Als ich mich vor zwanzig Jahren daran machte, als nicht mehr ganz junger Autor Klagenfurt zu erobern, erhielt ich den ersten Dämpfer noch vor Beginn des Bachmann-Wettbewerbs. Am Abend vor der ersten öffentlichen Lesung zog ich die Nummer, die man niemandem wünscht: Platz Eins. Ich sollte als erster lesen.

Sogleich stürzten sich ein paar Wohlmeinende auf mich, um mir ihr Beileid auszusprechen. Die Sache, so schien es, war schon gelaufen. Klar: Noch nie hatte ein erster plazierter Kandidat den Bachmann-Preis gewonnen, und auch auf die hinteren Ränge hatte es bislang offenbar keiner geschafft. Wozu überhaupt noch auftreten? Ich hätte eigentlich nach Hause fahren können. Was mich davon abhielt war zum einen das Honorar und zum anderen die geheime Hoffnung, ich könnte den Bann vielleicht durchbrechen. Ich durchbrach ihn nicht. Ich verließ den Platz mit leeren Händen.

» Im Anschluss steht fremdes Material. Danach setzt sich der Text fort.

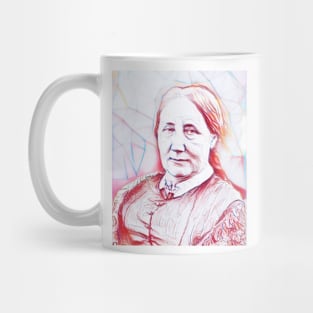 Elizabeth Gaskell Portrait | Elizabeth Gaskell Artwork Line Art Mug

Ich hab’s überlebt und die Geschichte als Anekdote ohne Pointe abgelegt.

Als ich zwanzig Jahre später gefragt wurde, ob ich selbst Juror werden wollte, sagte ich zu nach einer Zeit des Überlegens, in der ich mich vor allem gefragt hatte, wie man gerade auf mich gekommen war. Auf einen Klagenfurt-Verlierer! Nur ahnend, was auf mich zukommen würde, willigte ich schließlich ein.

Im ersten Jahr ging alles so weit ganz gut, außer dass keiner meiner Kandidaten einen Preis erhielt. Meine Alpträume bewahrheiteten sich nicht, das unüberwindliche Lampenfieber überfiel mich nicht, und ich hatte auch keine Blackouts. Im zweiten Jahr aber geschah es dann: einer meiner beiden Kandidaten – ein Schweizer wie ich - zog die Platznummer eins. Die Arschkarte. Er gewann keinen Preis. Er kam nicht mal auf die shortlist.

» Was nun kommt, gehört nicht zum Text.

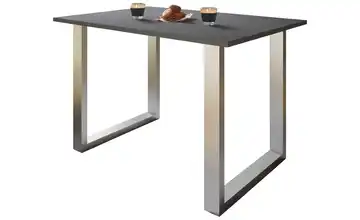 Esstisch Gestell: silberfarben 110 cm Anthrazit, silberfarben 80x110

Und dann im folgenden Jahr? Ich will nicht sagen, ich hätte meine Kandidatin am liebsten geohrfeigt, als sie die Eins zog, aber mir kam es vor, als ob sie mir eine Ohrfeige versetzt hätte. Es waren noch mehr als ein halbes Dutzend andere Karten in dem urnenförmigen Gebilde. Oder war’s ein Karton? Warum musste sie gerade diese ziehen? Weil ich schon damals die falsche gezogen hatte? Weil mich der Fluch vom Wörthersee verfolgt? Nicht nur mich, sondern auch meine Kandidaten?

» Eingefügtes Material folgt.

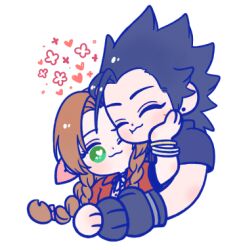 Rule 34 | 105zz, 1boy, 1girl, :3, aerith gainsborough, armor, bangle, black gloves, black hair, blush, bracelet, braid, braided ponytail, brown hair, closed eyes, closed mouth, commentary request, couple, crisis core final fantasy vii, cropped torso, dress, drill hair, drill sidelocks, facial scar, final fantasy, final fantasy vii, final fantasy vii rebirth, final fantasy vii remake, gloves, green eyes, hair ribbon, hand on another&#039;s cheek, hand on another&#039;s face, heads together, heart, heart-shaped pupils, jacket, jewelry, lowres, one eye closed, open clothes, open jacket, parted bangs, pink dress, pink ribbon, ponytail, red jacket, ribbon, scar, scar on cheek, scar on face, shoulder armor, sidelocks, simple background, smile, spiked hair, symbol-shaped pupils, upper body, white background, zack fair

Es kam dann, wie es seit dreiunddreißig Jahren immer kommt. Sie las als erste und ging nicht gerade als letzte, aber doch – wie ich vor über 20 Jahren - mit leeren Händen nach Hause. Und war vielleicht, wie ich, um eine Erfahrung reicher: Man kann dem Schicksal nicht entrinnen. Mal sehen, welche Nummern meine Kandidaten nächstes Jahr ziehen.